Tobias recently blogged about Nepomuk, and from the comments it seems that people are a bit in the dark about what Akonadi, Nepomuk and Strigi actually do and how they interact with each other. So if you want to understand those technologies, read on! This blog post is an attempt to clear things up a bit.

Soprano

Let me start with Soprano. Soprano is a Qt library for accessing semantic storage (RDF). In many ways, Soprano can be compared to the QtSql module, the key difference is that QtSql accesses relational data with SQL as the query language, whereas Soprano accesses semantic data with SPARQL as the query language.

Semantic Data

But what is semantic data, and what is the difference to relational data? You probably all know relational databases, which use tables to store data. Semantic databases, on the other hand, use statements, also sometime referred to as sentences, to store data. Statements consist, just like real-world sentences, of a subject (noun), a predicate (verb) and an object. By storing many sentences in a database, one can create a big network of data.
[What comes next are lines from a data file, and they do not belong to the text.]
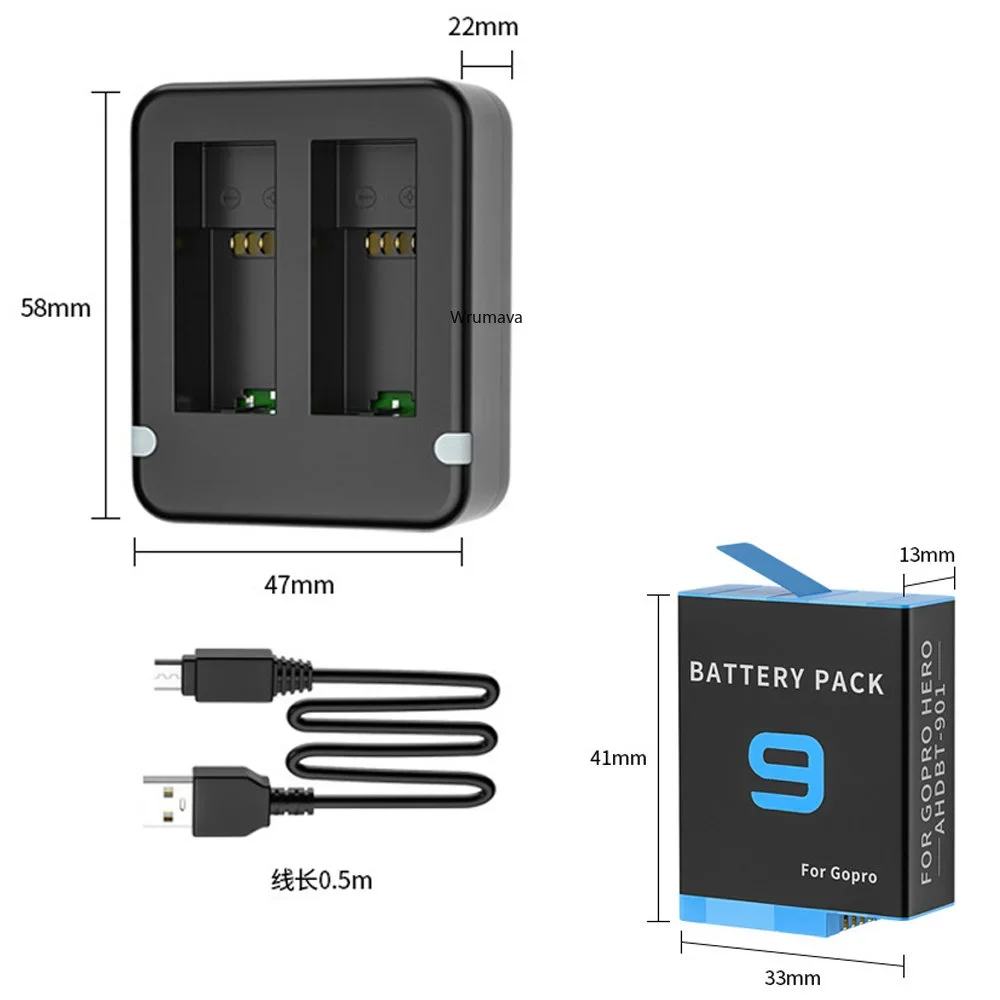 JIMITU Dual Port Slot Double Battery Charger For Gopro Go Pro Hero 12 11 10 9 Black with USB Cable Action Camera Accessory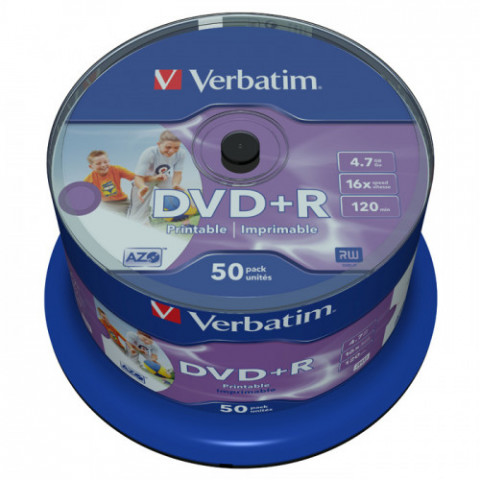 Диски DVD+R Verbatim 4.7Gb 16X CakeBox 50шт Wide inkjet photo Printable (43512)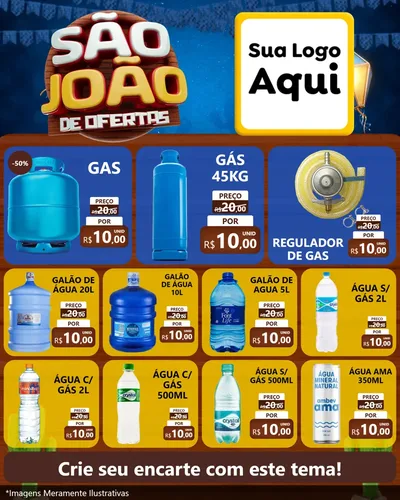 Modelo de Rede Social para Feed Instagram com o tema São João Ofertas Imbatíveis! - Junina para Água e gás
The best way to make this clear is probably by examples, so here are some:

.

  • “image.jpg” “has the width” “800 pixels”
  • “image.jpg” “is tagged with” “example-tag”
  • “image.jpg” “was photographed by” “Max Mustermann”
  • “example-tag” “has the title” “Holidays”
  • “example-tag” “has the icon” “beach.svg”
  • “Max Mustermann” “lives in” “London”
  • “Max Mustermann” “was born on” “01.01.1970″

As you can see in those examples, it is possible to link together totally different topics, such as information about a file, a tag and a person. Those examples are of course a bit fabricated, real data would look different. However, you can see the basic sentence structure consisting of subjects, predicates and objects. One can add an arbitrary number of statements about things to a semantic database. The powerful aspect about semantic data is the way it is linked together. With the above statements, you could for example search for all images tagged with “example-tag”. You could also do much more interesting searches, like searching for all pictures taken by people living in London, or searching for all files that were sent as e-mail attachments from your boss.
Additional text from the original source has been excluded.